[Dataset records]
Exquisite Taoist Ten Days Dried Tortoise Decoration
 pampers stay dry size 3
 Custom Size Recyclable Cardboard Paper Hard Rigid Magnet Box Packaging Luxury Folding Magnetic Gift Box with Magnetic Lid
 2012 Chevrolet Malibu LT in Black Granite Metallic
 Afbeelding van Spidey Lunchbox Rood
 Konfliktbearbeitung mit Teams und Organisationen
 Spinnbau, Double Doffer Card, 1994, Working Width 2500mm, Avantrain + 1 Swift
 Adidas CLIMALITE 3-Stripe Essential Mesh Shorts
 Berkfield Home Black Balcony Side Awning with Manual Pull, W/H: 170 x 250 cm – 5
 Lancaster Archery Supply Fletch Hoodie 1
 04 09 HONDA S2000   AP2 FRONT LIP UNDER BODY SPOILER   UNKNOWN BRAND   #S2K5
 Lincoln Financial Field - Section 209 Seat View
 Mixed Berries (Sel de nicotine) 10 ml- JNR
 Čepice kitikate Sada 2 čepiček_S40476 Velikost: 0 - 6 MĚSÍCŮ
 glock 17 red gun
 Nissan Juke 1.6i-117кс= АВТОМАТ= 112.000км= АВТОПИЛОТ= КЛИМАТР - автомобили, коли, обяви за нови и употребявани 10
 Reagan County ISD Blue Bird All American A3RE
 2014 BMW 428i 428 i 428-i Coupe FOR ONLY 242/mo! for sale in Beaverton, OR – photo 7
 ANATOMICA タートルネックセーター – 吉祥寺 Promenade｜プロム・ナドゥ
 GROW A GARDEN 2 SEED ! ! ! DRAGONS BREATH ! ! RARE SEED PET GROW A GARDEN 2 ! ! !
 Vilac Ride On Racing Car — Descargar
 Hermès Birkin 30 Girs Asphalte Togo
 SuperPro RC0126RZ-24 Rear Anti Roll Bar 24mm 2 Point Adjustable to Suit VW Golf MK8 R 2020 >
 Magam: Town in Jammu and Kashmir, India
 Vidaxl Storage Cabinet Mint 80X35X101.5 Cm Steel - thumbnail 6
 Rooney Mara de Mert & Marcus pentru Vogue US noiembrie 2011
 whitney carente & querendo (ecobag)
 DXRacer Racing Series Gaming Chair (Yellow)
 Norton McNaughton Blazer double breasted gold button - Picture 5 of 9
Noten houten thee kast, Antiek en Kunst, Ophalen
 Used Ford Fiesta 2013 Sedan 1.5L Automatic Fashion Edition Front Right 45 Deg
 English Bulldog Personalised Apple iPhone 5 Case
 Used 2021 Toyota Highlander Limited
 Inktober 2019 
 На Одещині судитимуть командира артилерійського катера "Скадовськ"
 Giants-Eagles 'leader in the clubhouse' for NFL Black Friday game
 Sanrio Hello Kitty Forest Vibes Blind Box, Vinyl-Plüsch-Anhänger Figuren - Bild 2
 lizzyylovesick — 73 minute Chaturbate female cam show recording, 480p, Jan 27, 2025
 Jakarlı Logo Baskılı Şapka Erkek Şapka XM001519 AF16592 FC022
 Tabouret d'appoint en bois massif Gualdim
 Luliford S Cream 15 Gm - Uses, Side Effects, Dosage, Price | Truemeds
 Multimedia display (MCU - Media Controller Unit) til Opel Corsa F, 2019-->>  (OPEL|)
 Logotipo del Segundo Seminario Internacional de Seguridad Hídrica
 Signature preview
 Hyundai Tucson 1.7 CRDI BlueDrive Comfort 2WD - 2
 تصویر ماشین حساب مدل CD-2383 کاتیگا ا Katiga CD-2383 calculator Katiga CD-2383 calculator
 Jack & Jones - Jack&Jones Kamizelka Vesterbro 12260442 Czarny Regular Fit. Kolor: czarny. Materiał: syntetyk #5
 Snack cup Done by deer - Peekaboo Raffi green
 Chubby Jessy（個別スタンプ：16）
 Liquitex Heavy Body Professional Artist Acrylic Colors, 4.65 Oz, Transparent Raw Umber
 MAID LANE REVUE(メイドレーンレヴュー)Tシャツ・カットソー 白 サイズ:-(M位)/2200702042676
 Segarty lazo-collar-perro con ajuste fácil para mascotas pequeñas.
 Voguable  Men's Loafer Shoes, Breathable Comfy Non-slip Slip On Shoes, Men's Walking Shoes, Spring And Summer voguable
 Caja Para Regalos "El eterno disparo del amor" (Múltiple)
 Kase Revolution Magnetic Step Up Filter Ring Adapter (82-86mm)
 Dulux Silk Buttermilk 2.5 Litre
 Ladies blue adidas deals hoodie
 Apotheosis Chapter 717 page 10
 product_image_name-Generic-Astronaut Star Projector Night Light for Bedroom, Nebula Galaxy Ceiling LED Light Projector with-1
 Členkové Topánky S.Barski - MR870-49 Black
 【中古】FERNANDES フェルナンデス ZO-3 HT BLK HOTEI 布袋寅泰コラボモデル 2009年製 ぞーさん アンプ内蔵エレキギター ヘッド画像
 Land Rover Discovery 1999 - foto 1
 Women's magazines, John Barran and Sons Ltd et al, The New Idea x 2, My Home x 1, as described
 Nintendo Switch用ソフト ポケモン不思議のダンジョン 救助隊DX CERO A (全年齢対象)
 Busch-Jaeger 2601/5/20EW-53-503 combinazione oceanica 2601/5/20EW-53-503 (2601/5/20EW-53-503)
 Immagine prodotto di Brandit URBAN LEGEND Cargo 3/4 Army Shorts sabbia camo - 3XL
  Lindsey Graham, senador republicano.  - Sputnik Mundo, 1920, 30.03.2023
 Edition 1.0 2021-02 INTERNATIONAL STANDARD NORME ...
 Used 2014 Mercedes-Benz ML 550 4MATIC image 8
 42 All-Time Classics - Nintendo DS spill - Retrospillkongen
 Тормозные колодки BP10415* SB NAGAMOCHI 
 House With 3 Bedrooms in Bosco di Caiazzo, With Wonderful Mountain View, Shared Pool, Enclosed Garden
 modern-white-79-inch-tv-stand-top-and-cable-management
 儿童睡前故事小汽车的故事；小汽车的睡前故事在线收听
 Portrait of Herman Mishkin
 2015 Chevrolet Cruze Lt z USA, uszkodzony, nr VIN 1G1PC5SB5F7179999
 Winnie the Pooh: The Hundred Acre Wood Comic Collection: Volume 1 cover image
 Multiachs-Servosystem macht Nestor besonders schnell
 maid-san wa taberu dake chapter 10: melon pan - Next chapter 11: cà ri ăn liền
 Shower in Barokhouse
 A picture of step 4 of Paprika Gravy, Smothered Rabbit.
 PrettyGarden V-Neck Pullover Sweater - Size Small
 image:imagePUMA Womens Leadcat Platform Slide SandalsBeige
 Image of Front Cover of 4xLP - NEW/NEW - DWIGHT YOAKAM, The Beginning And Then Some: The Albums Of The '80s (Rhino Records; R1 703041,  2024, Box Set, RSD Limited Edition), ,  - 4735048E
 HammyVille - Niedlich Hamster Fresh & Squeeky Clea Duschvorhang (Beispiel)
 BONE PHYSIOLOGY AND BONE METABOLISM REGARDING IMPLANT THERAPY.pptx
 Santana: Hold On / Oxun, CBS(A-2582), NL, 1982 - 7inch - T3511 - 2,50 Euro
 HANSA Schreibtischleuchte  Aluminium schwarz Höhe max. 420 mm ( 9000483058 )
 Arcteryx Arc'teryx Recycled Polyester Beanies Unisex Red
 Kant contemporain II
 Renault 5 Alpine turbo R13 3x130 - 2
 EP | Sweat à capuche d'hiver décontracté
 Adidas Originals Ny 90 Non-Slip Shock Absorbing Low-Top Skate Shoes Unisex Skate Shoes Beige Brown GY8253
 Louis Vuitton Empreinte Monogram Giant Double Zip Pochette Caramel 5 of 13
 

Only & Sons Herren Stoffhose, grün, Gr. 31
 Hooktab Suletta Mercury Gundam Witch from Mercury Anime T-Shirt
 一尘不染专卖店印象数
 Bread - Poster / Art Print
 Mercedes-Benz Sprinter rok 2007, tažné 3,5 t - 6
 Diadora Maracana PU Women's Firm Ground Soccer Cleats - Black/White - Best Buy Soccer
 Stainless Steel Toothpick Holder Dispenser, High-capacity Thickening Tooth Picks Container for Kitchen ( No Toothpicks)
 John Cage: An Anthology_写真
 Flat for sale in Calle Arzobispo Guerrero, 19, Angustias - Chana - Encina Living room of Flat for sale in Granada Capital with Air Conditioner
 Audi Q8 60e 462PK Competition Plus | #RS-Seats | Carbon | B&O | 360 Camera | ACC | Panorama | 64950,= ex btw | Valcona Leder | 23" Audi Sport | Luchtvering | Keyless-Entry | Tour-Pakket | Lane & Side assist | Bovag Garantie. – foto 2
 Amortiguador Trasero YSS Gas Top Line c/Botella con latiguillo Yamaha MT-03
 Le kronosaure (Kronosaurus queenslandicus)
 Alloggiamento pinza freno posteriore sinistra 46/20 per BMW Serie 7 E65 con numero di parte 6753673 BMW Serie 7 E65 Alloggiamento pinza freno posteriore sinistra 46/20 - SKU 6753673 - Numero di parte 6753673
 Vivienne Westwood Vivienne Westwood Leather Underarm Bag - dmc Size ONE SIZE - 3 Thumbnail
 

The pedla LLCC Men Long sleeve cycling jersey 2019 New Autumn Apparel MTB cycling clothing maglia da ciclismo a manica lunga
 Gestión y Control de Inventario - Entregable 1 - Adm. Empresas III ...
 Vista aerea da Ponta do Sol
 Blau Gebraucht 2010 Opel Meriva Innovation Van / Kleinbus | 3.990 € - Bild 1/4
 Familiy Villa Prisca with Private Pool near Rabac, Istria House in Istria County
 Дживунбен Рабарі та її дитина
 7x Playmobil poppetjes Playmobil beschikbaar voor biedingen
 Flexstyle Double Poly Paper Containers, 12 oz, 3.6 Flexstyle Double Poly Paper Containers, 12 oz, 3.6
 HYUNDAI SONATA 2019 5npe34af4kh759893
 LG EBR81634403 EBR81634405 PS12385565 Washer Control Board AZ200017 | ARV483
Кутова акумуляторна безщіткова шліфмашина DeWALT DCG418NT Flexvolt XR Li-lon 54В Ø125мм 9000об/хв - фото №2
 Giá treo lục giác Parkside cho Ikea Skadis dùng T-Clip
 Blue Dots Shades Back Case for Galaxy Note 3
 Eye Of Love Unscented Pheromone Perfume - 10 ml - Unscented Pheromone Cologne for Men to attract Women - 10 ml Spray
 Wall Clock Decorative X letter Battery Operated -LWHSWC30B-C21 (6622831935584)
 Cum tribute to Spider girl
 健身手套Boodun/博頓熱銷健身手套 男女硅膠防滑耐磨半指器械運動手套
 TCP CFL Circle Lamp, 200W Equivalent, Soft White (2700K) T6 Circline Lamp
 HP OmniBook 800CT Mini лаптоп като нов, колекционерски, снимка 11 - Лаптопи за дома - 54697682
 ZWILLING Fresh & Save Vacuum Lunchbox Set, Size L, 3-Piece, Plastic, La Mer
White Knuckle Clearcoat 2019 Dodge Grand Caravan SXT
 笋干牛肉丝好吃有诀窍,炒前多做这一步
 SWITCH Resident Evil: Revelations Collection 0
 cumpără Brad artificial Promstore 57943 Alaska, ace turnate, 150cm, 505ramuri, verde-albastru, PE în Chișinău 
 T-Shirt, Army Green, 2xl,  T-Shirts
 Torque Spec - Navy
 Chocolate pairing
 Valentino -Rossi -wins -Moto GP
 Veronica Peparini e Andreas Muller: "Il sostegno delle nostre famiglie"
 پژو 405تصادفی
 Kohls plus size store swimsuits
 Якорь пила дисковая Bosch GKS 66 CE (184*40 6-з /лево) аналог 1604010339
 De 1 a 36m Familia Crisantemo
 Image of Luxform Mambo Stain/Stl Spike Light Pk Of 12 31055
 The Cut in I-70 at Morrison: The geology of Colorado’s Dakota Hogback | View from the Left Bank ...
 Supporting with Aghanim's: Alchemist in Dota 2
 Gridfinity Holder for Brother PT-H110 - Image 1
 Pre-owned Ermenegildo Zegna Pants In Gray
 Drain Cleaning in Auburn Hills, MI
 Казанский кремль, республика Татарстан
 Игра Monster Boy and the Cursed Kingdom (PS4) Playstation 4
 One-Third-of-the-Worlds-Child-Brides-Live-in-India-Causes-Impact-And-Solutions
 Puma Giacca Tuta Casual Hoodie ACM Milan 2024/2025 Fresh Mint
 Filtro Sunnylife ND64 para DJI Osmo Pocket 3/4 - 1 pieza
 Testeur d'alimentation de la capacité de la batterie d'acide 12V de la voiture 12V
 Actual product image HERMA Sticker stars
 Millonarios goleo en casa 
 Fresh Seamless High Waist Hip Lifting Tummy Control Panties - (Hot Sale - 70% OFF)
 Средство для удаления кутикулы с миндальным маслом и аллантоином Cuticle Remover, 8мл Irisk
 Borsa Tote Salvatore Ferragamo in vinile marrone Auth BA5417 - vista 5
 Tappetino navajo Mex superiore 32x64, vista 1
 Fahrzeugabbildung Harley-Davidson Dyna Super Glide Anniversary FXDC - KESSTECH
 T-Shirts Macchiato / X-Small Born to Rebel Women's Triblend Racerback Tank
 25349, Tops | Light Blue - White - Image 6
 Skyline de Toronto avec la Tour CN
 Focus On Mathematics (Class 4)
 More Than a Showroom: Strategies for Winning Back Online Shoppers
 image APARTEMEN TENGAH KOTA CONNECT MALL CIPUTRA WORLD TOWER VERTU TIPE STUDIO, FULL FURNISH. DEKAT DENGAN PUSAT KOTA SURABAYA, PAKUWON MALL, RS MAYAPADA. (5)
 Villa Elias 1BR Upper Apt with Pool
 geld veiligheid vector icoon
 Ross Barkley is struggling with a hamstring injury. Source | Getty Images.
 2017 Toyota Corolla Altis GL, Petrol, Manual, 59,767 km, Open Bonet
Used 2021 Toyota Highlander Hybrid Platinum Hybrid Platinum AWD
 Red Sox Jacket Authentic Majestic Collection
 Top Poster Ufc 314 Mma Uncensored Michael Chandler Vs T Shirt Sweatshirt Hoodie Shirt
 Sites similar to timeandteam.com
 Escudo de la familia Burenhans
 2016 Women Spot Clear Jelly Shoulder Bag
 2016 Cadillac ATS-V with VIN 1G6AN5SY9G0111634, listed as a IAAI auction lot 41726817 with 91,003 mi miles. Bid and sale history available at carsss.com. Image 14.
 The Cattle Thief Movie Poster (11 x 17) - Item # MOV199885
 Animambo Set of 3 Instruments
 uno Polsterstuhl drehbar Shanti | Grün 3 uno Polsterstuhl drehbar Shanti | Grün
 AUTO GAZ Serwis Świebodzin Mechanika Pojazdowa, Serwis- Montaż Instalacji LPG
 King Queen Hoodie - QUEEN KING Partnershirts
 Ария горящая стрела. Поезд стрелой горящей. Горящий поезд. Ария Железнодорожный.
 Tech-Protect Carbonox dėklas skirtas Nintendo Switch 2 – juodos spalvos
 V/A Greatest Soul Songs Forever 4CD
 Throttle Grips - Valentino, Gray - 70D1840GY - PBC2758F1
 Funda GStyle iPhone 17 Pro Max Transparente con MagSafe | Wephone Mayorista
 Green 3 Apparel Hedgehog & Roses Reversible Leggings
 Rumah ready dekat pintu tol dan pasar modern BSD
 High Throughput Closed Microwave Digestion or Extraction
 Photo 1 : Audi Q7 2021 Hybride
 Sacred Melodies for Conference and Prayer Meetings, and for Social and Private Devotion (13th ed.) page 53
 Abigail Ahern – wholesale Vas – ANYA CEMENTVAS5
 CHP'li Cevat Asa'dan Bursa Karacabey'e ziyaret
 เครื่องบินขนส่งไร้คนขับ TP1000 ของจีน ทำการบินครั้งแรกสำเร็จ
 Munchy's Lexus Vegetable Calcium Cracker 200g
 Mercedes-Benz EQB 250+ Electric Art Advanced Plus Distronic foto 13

**What needs to be done**
Some lines above contain the word "Steel". Copy each of them.

**Output**
 Vidaxl Storage Cabinet Mint 80X35X101.5 Cm Steel - thumbnail 6
 Stainless Steel Toothpick Holder Dispenser, High-capacity Thickening Tooth Picks Container for Kitchen ( No Toothpicks)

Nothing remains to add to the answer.